Quando via Mazzini era il mio mondo
di Maria Teresa Perona Torcello

Era il 23 settembre del 1949 quando nascevo in via Mazzini nella casa della nonna materna, nella casa e nella via che poi sarebbero state il meraviglioso mondo della mia infanzia.
Ho iniziato a frequentare sempre di più la casa della nonna Teresa dopo la nascita di mia sorella, quattro anni dopo la mia. Penso che io non abbia molto gradito la presenza di quell'esserino che si stava prendendo molto del tempo, che, sino ad allora, era stato dedicato a me, da qui la mia intenzione di andare a cercare dalla nonna quelle attenzioni e coccole che in casa stavano diminuendo.

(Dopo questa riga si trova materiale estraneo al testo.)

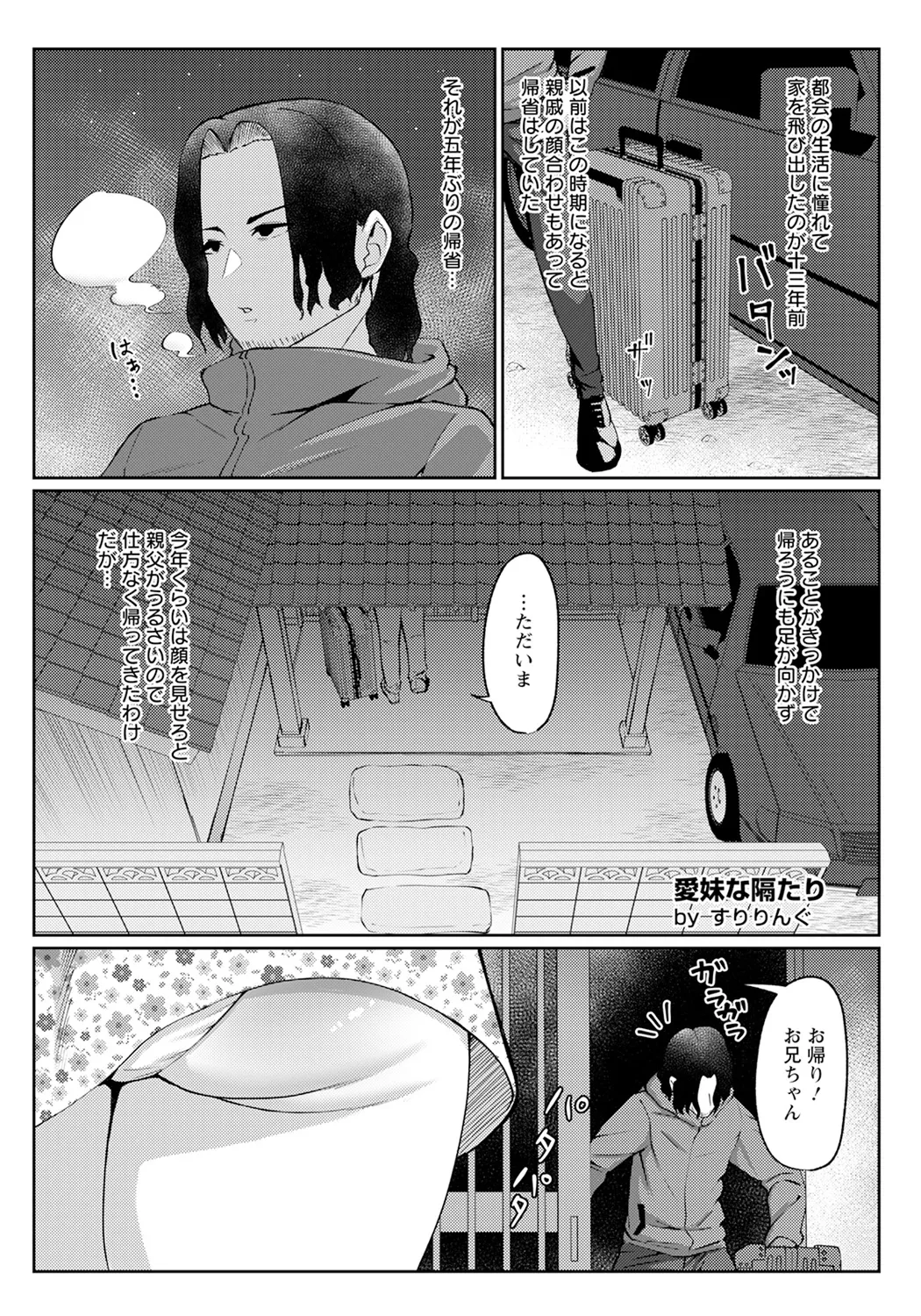 Aimaina hedatari page 1 full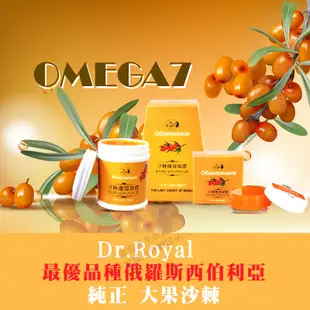 康心 沙棘護理凝膠 沙棘萬用膏 現貨 守護全家必備 俄羅斯 Dr. Royal [限時促銷]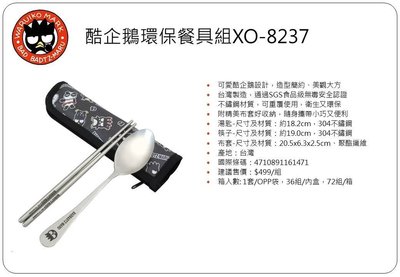 GIFT41 4165本通 酷企鵝 環保餐具組 304不鏽鋼 湯匙 筷子 xo -8237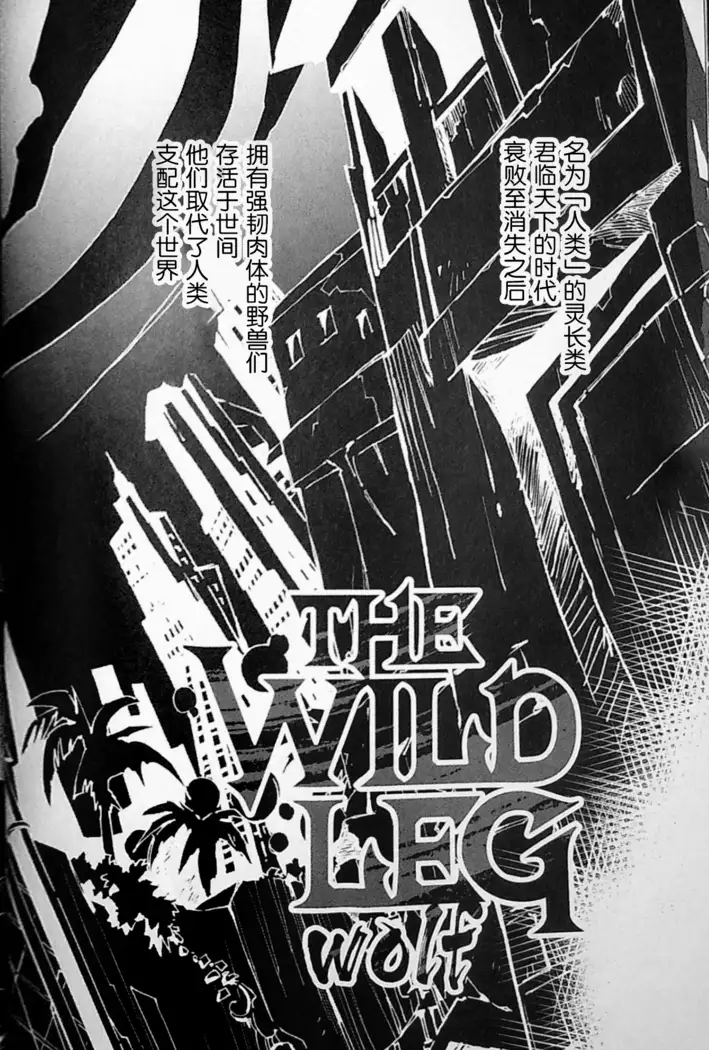 THE WILD LEG wolf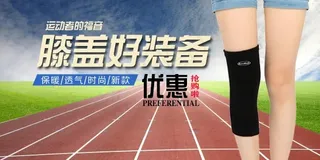 淘宝护膝钻展图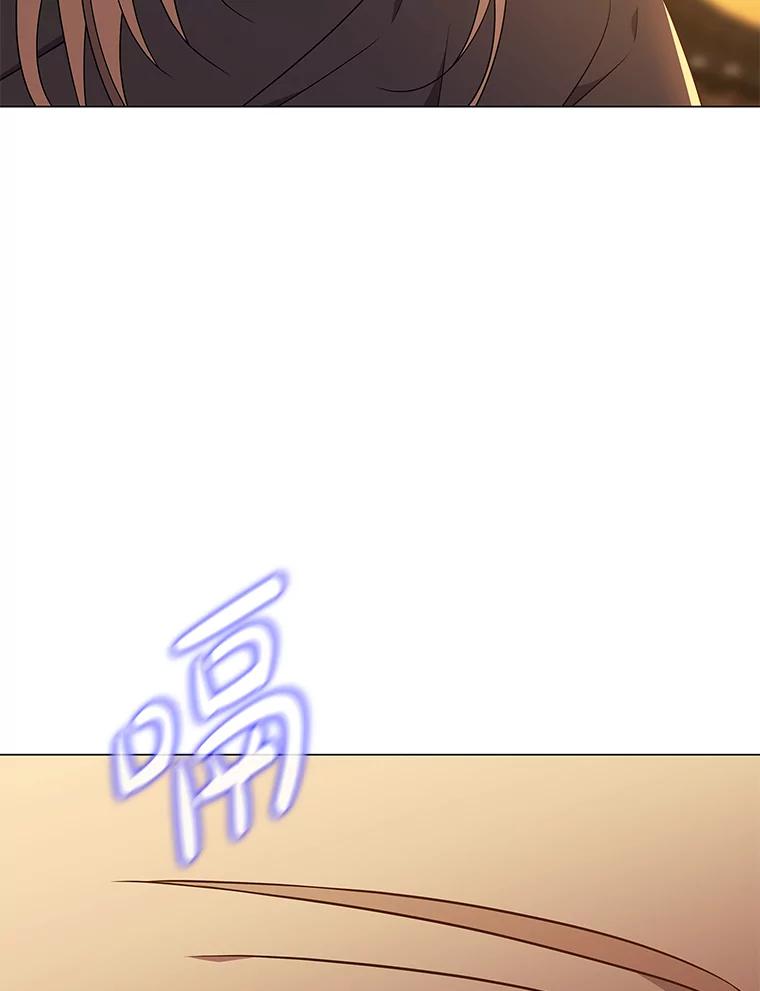 《魅惑狐狸》31.隐忍的示狐 第44页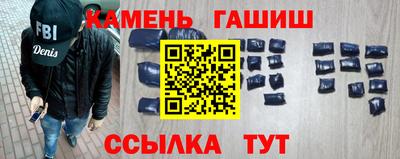 марки nbome Ливны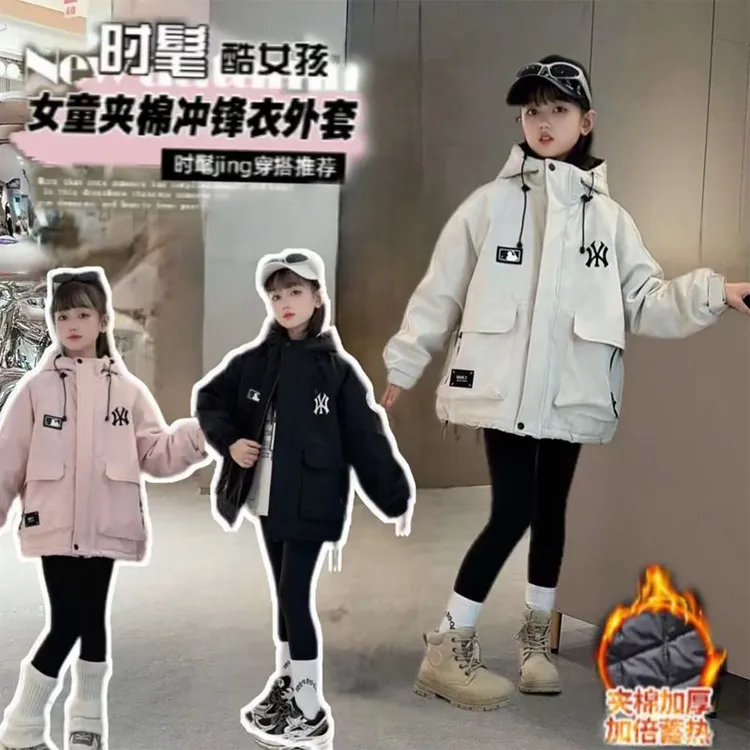 女童2025新款冬季冲锋衣加棉加厚洋气中大童儿童棉衣外套冬装爆款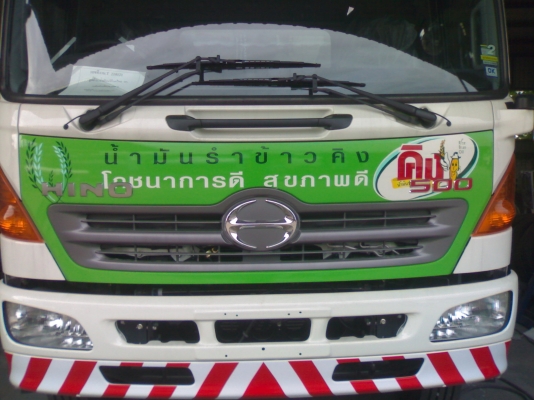 บริการงานเพ้นท์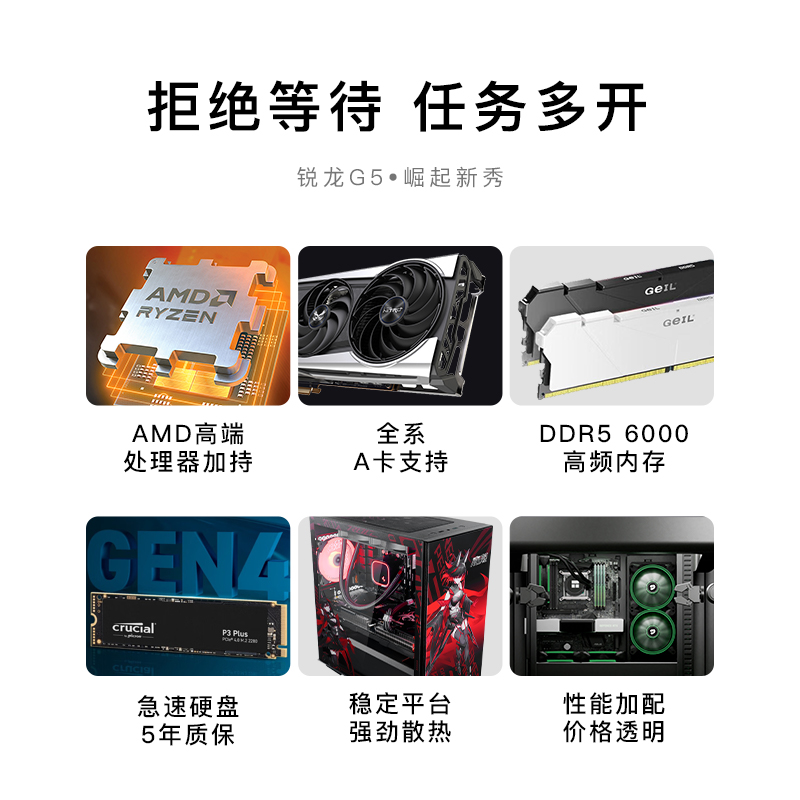 名龙堂新品发售AMD R7 8700F/RX 6750GRE/7700XT 3A电脑游戏主机台式电竞游戏DIY组装机直播全套网吧整机 - 图1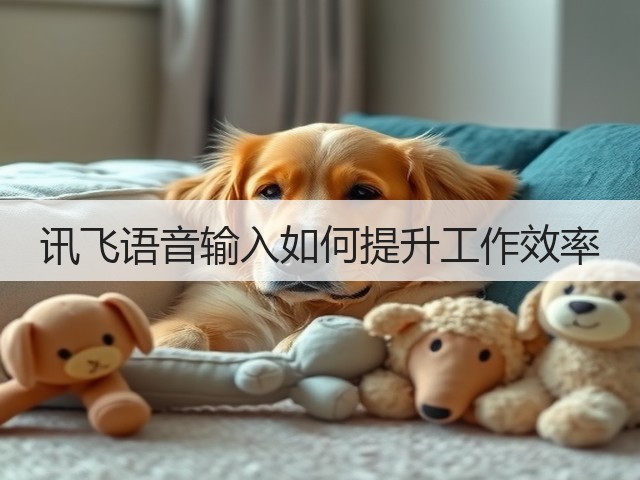 讯飞语音输入如何提升工作效率(图2)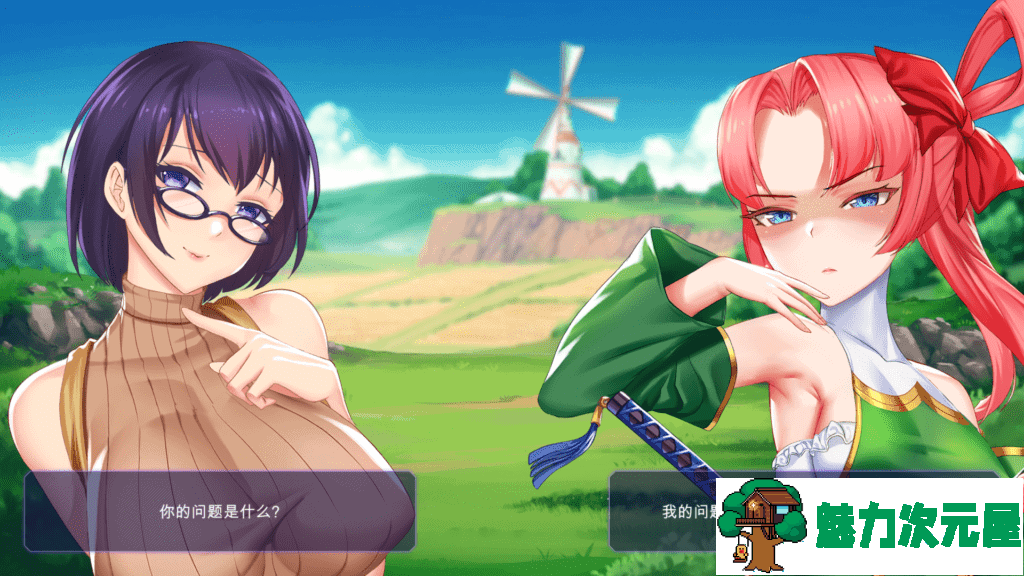 【养成互动SLG/中文/全动态/全CV】闷骚后宫恋 Adorable Crush v1.05 官中步兵版【更新/900M】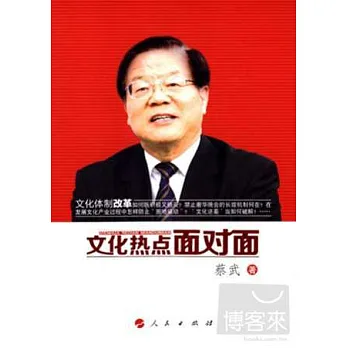 文化熱點面對面
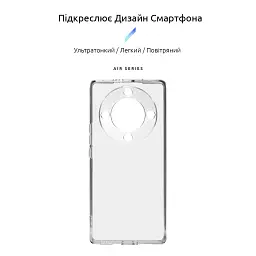 Чохол до мобільного телефона Armorstandart Air Honor Magic 5 Lite Camera cover Clear (ARM69385) - мініатюра 3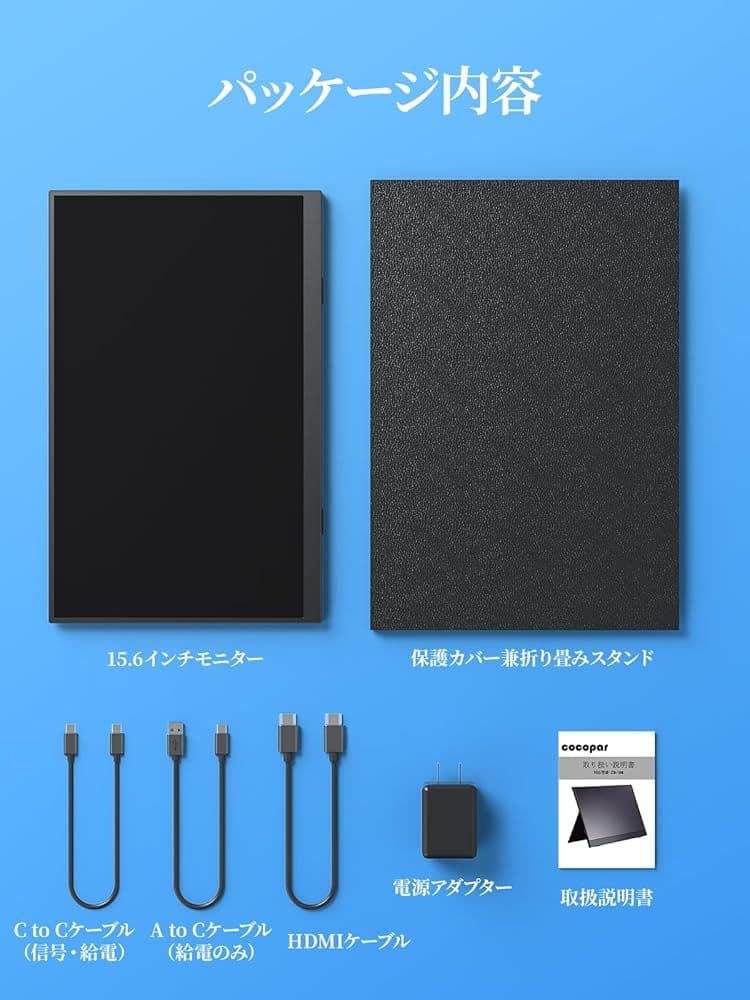 モバイルモニター ゲーム cocopar15.6インチ スイッチ用 zs-156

Allora via Mazzini brulicava di vita nelle vecchie case con orto e in strada, come in tutto il centro storico del paese.
La casa era su due piani, con una terrazza alla ligure e un grande orto coltivato ad ortaggi, con il pozzo, il pollaio e un piccolo angolo era dedicato alle margherite.

Nella grande cucina c'era sempre una pentola sul fuoco e quando si consumava il sugo è lì che mi era permesso “pucciare” il pane. Nel periodo delle marmellate, attendevo che finissero di brontolare le albicocche o le pesche, perchè sarebbero poi finite, ancora calde, su di un pezzo di pane, come ci finivano i pomodori appena colti con un filo d'olio delle nostre olive che era di colore verde e gelava d'inverno.
Nell'orto c'era un capanno per gli attrezzi che era diventato la mia casa e lì giocavo con i pentolini. In strada giocavo con Lia e Angelo, allora si entrava gli uni nelle case degli altri senza problemi, le porte erano sempre aperte. Mi piaceva anche osservavo gli adulti: la Recle, che avrei ritrovato anni dopo come cassiera e buttafuori al Cinema Mignon, con la sua espressione un po' accigliata; la Lesta sempre indaffarata, perchè faceva nascere i bambini, dai vestiti colorati che allora a me sembrava strano, perchè tutte le donne erano quasi sempre vestite con colori scuri; la Tina che aveva il negozio in via xxv Aprile, dove andavo a comprare il pane e che mi incuteva un po' di timore, perchè era un tipo autoritario e alzava facilmente la voce, ma l'atmosfera della panetteria veniva compensata dalla dolcezza di sua sorella Giuseppina.
Poi c'erano i profumi: quello del legno lavorato dalla falegnameria Finoglio e in autunno quello del mosto, proveniente dalle cantine dell'Opera Pia.
Infine c'era la dolcezza delle sere estive, quando le nonne della via portavano fuori una sedia e si godevano il fresco conversando.
Quando a scuola studiai la poesia di Carducci “San Martino” rivedevo descritto poeticamente ciò che avevo assaporato “..per le vie del borgo..”.
Piacevolezze, profumi e sapori mi hanno accompagnato per tutta la vita.